Captured tigers form conflict situations must be assessed to determine the best course of action. Potential outcomes include:

  • Releasing the tiger where it is
  • Translocating the tiger elsewhere
  • Rehabilitation followed by release (with or without translocation)
  • Removing the tiger permanently from the wild

Both rehabilitation and translocation can be high risk strategies and are extremely costly to execute well. In many cases the only viable options may be permanent removal from the wild or release. Clearly such decisions should not be taken lightly and a through assessment of the situation should be made, including:

  • Health assessment
  • Demographic considerations
  • Available resources

Health assessment: Captured conflict tigers should undergo a full health assessment. (See Clinical examination). Poor health and inability to hunt effectively can certainly play a role in conflict between humans and tigers. There have been numerous cases of conflict tigers being injured or incapacitated in some way and resorting to predating on domestic animals or humans when they are unable to stalk and kill wild prey. In recent years, in Russia, there has also been an association between conflict and infection with Canine Distemper Virus. (Details of capture and immobilisation of tigers are given elsewhere). During the health assessment, particular attention should be paid to the following:-

  • General body condition: If the tiger is thin or underweight effort should be made to ascertain why this is the case. Are there injuries which have reduced its ability to hunt, for example? Or evidence of disease? In an otherwise healthy animal, poor body condition may be an indicator that there is insufficient prey within the tiger’s territory to support it. In this case it may be appropriate to consider translocation.
  • Reproductive status: Pregnant females are under increased metabolic stress and heavily pregnant animals may be less able to hunt. Those that are lactating will be nursing cubs, and the conflict may have occurred in response to a perceived threat. Nursing mothers should not be removed from the wild unless the cubs are also present and can be assessed at the same time. If this is not the case, but the mother is injured a GPS collar may be used to track the mother back to her cubs so the whole family can be assessed, and appropriate action can be taken.
  • Ambulation: One of the key requirements of hunting is the ability to move quickly and precisely. Damage to any of the limbs or digits may hinder this. In some cases, this damage may be reversible and the tiger therefore a candidate for rehabilitation and release. A common example of this is when a tiger may have been impaled by porcupine quills, causing soft tissue damage. Animals with bony injuries, such as fractures or amputations, do not tend to recover function as well, and therefore are less suited for rehabilitation and release. This is particularly the case when joints are affected.
  • Teeth: There is historic anecdotal evidence that ‘man-killers’ are the result of broken canine teeth. While this theory has been contested, teeth can be a good way of aging an animal and getting an idea of its general condition and fitness. For example, an older animal, with multiple broken teeth, may be more prone to conflict and not as well suited to release.
  • Infectious disease:  If tigers caught during conflict interventions are suffering from, or suspected of suffering from, a serious infectious disease that may be passed to other tigers, a period of treatment in rehabilitation may be necessary. Infection with Canine Distemper Virus would be an obvious example.
  • Collection of samples: Capture due to conflict is a great opportunity to screen for infectious disease. Such diseases could have implications at both the individual and population levels and the opportunity to sample these animals should not be missed. If facilities or finances do not allow for testing at the time, samples should still be collected and stored for screening at a later date. As a minimum all animals should be blood sampled, this should include 5 ml in heparin, 5 ml in EDTA, 5 ml in a plain tube and a further 10 ml which should be collected in a plain tube and then spun and separated for serum. In addition, at least three blood smears should be made. One of these should be stained with Diff-Quick, the remainder should be fixed with ethanol and frozen. A manual PCV should be recorded wherever possible. Additional samples of value include oral, conjunctival and genital swabs, urine and faeces, and the removal and storage of any ticks present.

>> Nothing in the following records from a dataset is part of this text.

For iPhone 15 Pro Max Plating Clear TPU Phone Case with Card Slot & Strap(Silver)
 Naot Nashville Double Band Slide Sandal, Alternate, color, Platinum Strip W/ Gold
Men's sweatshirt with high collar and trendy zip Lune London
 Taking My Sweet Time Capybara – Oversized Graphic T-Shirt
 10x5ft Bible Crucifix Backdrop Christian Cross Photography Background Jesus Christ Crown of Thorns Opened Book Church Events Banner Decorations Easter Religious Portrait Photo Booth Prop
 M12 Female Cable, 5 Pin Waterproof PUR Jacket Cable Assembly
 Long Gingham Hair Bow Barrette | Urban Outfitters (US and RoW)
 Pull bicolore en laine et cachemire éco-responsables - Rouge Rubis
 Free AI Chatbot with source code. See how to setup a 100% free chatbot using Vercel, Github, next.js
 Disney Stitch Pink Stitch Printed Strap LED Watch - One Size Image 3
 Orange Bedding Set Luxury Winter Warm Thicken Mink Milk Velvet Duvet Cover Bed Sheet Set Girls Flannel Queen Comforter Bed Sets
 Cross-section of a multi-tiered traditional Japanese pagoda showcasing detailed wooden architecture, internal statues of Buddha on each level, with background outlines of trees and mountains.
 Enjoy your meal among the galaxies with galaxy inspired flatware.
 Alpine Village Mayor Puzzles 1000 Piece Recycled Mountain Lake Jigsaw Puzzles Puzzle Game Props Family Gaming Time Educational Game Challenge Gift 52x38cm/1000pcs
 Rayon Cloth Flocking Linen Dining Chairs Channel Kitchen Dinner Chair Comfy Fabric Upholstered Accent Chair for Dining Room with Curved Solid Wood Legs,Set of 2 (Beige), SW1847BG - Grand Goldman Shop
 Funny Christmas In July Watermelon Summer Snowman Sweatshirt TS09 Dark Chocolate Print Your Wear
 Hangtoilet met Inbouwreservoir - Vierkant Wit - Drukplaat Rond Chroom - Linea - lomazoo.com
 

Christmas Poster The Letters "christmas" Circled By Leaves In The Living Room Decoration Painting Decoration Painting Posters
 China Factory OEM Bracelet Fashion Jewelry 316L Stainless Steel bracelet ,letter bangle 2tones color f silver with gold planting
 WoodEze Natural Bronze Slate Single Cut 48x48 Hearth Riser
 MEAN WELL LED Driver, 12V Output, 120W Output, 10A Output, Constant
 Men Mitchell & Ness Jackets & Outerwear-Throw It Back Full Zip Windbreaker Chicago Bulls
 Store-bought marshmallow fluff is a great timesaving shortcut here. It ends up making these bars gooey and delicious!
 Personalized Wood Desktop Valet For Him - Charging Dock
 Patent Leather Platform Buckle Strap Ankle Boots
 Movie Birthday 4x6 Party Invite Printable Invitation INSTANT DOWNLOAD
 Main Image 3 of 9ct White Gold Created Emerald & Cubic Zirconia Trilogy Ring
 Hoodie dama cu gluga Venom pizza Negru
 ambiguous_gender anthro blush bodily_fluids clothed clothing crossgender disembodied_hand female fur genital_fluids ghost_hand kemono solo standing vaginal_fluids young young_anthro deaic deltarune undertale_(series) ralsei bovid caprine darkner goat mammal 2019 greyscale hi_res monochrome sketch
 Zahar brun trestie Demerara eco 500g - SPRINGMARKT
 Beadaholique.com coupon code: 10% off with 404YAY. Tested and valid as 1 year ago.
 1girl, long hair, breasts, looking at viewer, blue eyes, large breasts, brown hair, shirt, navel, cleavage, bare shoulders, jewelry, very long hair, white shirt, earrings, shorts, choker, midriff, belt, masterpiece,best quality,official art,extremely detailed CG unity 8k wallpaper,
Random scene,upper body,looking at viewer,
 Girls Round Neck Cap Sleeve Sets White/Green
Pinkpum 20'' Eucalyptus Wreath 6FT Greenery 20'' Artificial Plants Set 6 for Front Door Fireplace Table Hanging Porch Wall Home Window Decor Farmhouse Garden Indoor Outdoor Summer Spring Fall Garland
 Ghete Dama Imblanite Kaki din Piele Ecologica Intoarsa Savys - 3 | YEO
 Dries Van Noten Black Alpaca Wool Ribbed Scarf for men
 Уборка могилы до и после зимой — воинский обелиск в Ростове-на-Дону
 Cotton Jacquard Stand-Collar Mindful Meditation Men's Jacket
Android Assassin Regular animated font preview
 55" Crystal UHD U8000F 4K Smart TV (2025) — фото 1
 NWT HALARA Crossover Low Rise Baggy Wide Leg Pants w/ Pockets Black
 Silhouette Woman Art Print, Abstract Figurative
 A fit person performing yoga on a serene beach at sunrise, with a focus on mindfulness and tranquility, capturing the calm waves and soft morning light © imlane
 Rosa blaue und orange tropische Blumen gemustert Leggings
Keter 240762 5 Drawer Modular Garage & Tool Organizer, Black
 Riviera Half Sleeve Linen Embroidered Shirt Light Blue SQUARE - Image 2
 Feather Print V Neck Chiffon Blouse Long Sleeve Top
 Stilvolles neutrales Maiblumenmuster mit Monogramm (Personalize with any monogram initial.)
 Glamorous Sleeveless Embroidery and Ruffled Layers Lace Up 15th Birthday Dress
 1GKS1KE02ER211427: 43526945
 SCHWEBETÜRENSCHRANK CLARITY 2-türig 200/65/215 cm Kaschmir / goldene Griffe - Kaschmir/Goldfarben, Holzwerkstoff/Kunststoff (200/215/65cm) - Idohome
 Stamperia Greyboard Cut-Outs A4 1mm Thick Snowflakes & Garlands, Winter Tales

Demographic considerations: Demographic factors, such as age and gender, can contribute to decision making. Such considerations can help us to understand the wider impact of removal and the likelihood that strategies such as translocation will be successful. Although this section makes reference to animals which should be prioritised’ it is important to realise that it is unlikely that managers will have to face a choice between two individuals. Instead these guidelines are designed to help managers make the best decision for the animal in question.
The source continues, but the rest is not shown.